But landing one in two feet of water? That's a bit of a rarity.
That's what Cody Lively of Tampa, fishing with Shane and Kevin McCarron last Sunday, did near Rocky Creek on Old Tampa Bay.
"We had a bunch of greenbacks in the well and we headed into the north end of the bay to look for snook, but in the channel just outside the flats we saw this fish cruising along like a shark," said Lively, 17, a recent graduate of Steinbrenner High School.
Rather than pitching a live bait to the fish, however, Lively put a chunk of fresh-cut ladyfish on his hook and tossed it in front of the cruiser.
"It grabbed it almost right away, and in just a few seconds it had pulled 150 yards of drag," he said.
The battle continued for some 20 minutes and eventually took the anglers right up on the flats in knee-deep water. Eventually, the 30-pound-test braid on Lively's Shimano spinning rig wore the fish down and they wrestled it over the side.
The tape told the tale - 43 inches long, a beautiful cobia anywhere, but exceptionally nice from the backwaters of Tampa Bay.
Though Lively's catch was fairly uncommon from so far up inside Old Tampa Bay, finding the "brown bombers" in shallow water elsewhere is not all that rare. In fact, from Hernando Beach northward, they're frequently spotted cruising the shallows, often in the company of giant sting rays or eagle rays. The area of Homosassa Bay is particularly noted for this action, usually beginning around late April and continuing into June.
Until the fishery was pretty well wiped out by guides swarming the area, the hot water outflow at Big Bend power plant north of Apollo Beach was another noted shallow water cobia fishery, with fish frequently cruising there among the manatees and cownose rays throughout much of the winter. Cobia continue to show up occasionally on the flats from Big Bend to the Little Manatee in spring, as well as cruising just outside the bar down much of the South Shore to the Skyway on a now-and-then basis.
When cobia are found in extreme shallows, it's usually best to deliver the bait well ahead of them and allow them to swim up to it before giving it a bit of motion to attract their attention. Landing a heavy bait or lure right on top of them often spooks them, though cobia are far from being as wary as redfish.
The open waters of Tampa Bay also produce plenty of sight fishing opportunities for cobia, but they're usually over deeper water around tripod markers and buoys. The fish often prowl just below the surface, making it possible to sight fish them when the sun is high, and often where there's one, there are two or three of similar size.

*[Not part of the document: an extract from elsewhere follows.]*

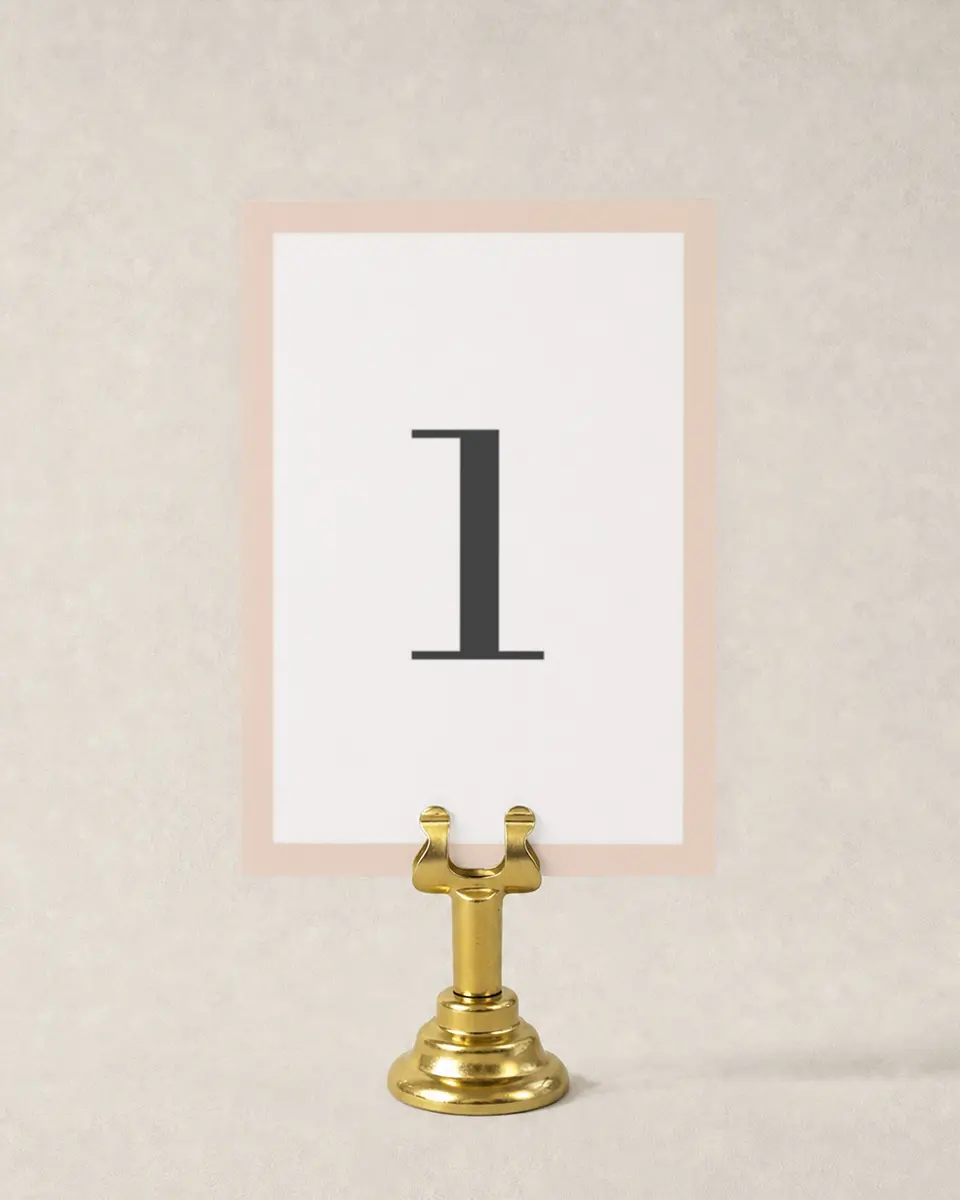 This is a 3½" x 5" Quinceanera Table Number called Super Sweet 15 printed in full color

Cobia also pass near the beaches of the Suncoast Area each spring, following the baitfish migrations. This can get started as early as mid-March, though April is usually prime time. It continues pretty much in tune with king mackerel season, and any offshore marker or reef is likely to attract the fish.
Live pinfish, scaled sardines, threadfins, crabs or jumbo shrimp are the best offerings, but cobia eat all sorts of live baits as well as taking big jigs, plastic eels, DOA Baitbuster mullet and even topwater plugs.
While Cody Lively caught his fish on medium gear, it's best to go heavy when challenging a cobia around the markers-50-pound test braid or heavier on a big spinning rig allows you to haul most fish clear of the obstructions before they can tangle things and break the line.
Good cobia fishing in the open waters of Tampa Bay usually begins in late March and continues through the summer, with the last fish (except the few still going to the power plants) departing around the end of October.